You can purchase a copy for just £4 from the BBKA website:









How does resistance work?


To understand resistance, you first need to understand that the relationship between Varroa, DWV and honey bees.




I have covered this in other posts but to put it simply, DWV is a virus of honey bees that in cases of high infection causes deformed wings and a reduced life span. Varroa's relationship to DWV is that it acts as a vector for the virus. This means it spreads the virus from bee to bee. Without Varroa, DWV is not really much of a problem. In fact, bees have had DWV for a very long time before Varroa, we just never really noticed because it rarely caused problems. This is because DWV could only spread between bees via contaminated food or on the surface of eggs. Both of these transmission methods are not very effective at infecting bees and so the negative symptoms were rare, and colonies survived. Varroa made it a problem because it could transport the virus directly into the bees hemolymph. This method is way more effective at setting up symptomatic infections in bees. Thus, together Varroa and DWV lead to the downfall of many colonies across the world.


This little illustration I made just to show how without Varroa (top line) the virus struggles to cause a symptomatic infection. This is because when the virus is taken orally it must pass through the gut which has many immune defenses. These defenses make it very difficult for the virus to infect the pupae. Conversely the mite injects the virus straight into the hemolymph (similar to blood) which bypasses many of the immune defenses.


Similarly, if you remove DWV from the picture Varroa is not as much of a big deal, in fact off the coast of brazil there is an island called Fernando de Noronha. On this island there is a population of European honey bees that has been living there since 1984. These bees have Varroa mites but no or very little DWV and as such can survive with higher mite infestations than colonies with DWV. The lack/ low levels of virus on this island appears to be because the strains present are not ones that can be transmitted by mites.
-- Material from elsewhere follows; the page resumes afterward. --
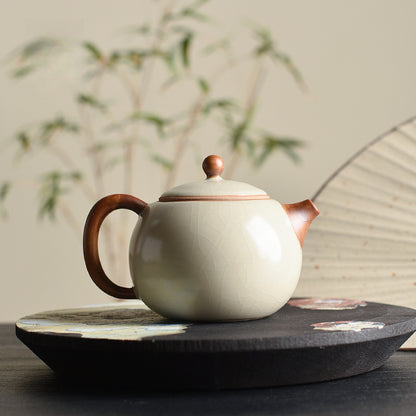 Beige Ru Kiln Tea Set - 3-Piece Gongfu Ceramic Set with Teapot & Cups (Tea Tray Included)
If the transmittable strains were to appear on the island, then the current scenario would likely change.

Beekeeping on the island of Fernando de Noronha, Brazil


For all the unfortunate bees that have both transmittable DWV and Varroa the solution is simple…reduce the Varroa mite population. Reducing the number of Varroa mites means there are less DWV spreaders and consequently less DWV in the hive. Which means healthier workers and a healthier colony.
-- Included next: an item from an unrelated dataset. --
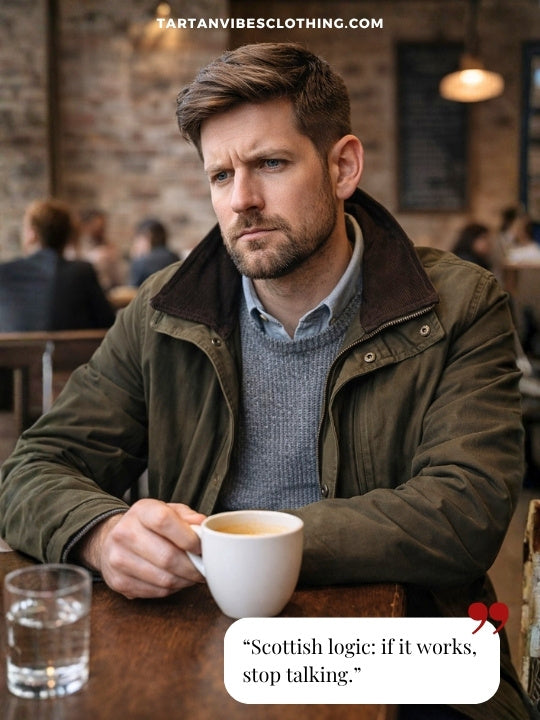 Scottish one-liner humor with man in cafe and if it works stop talking quote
But how do they manage to reduce the mite infestation themselves? Well, the answer is surprisingly simple. They remove brood that are infested with mites. This leads to less mites because when the cell is emptied the mite offspring die. Additionally, the foundress mite that originally invaded the cell will have a lower success in reproduction in the next cell she infests. Therefore, if a high enough percentage of infested cells are removed the colony can keep mite reproduction and thus mite levels low. In resistant colonies around half of the infested cells are removed on average.
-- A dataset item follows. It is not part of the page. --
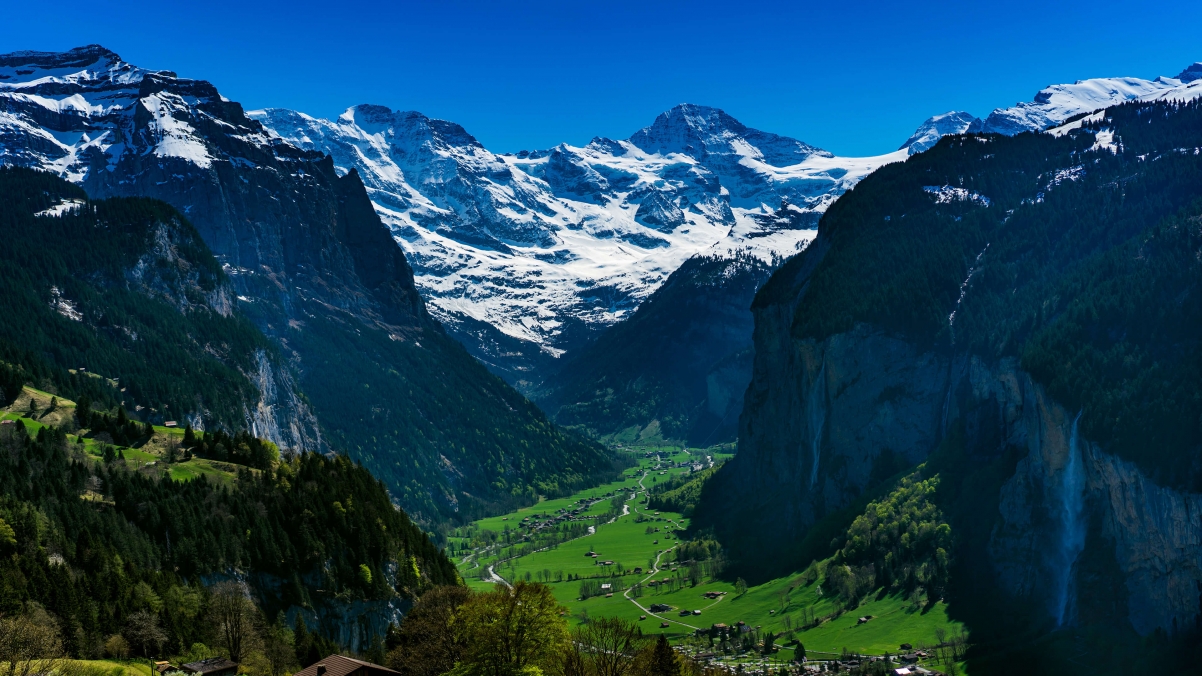 雪山山谷乡村风景4k壁纸 4k风景图片 彼岸图网pic Netbian Com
Stages of brood removal, wiggly red lines indicate the scent that workers detect. (It's actually believed to be a mixture of different compounds).


It is important to note that brood removal is not a process that is unique to Varroa infestation so all bee colonies can do it. What separates a resistant colony from a susceptible colony is the ability to detect mite infested cells. There are many ideas as to why resistant bees can detect more infested cells. It could be because they have a better sense of smell or that they require a lower stimulus to trigger a response. The latter seems plausible as a recent study found that both hygienic and non-hygienic bees could detect the scent of Varroa infestation but that only the hygienic bees were triggered to do something about it. There is also a lot of work ongoing to discover how much of this can be attributed to genes and how much to the environment. Is it possible that bees could become sensitized to or learn the scents involved?At present we are not certain, but we do know one thing for sure and that is bees are capable of becoming resistant if given time and encouragement which means that honey bees likely have a very positive future ahead of them.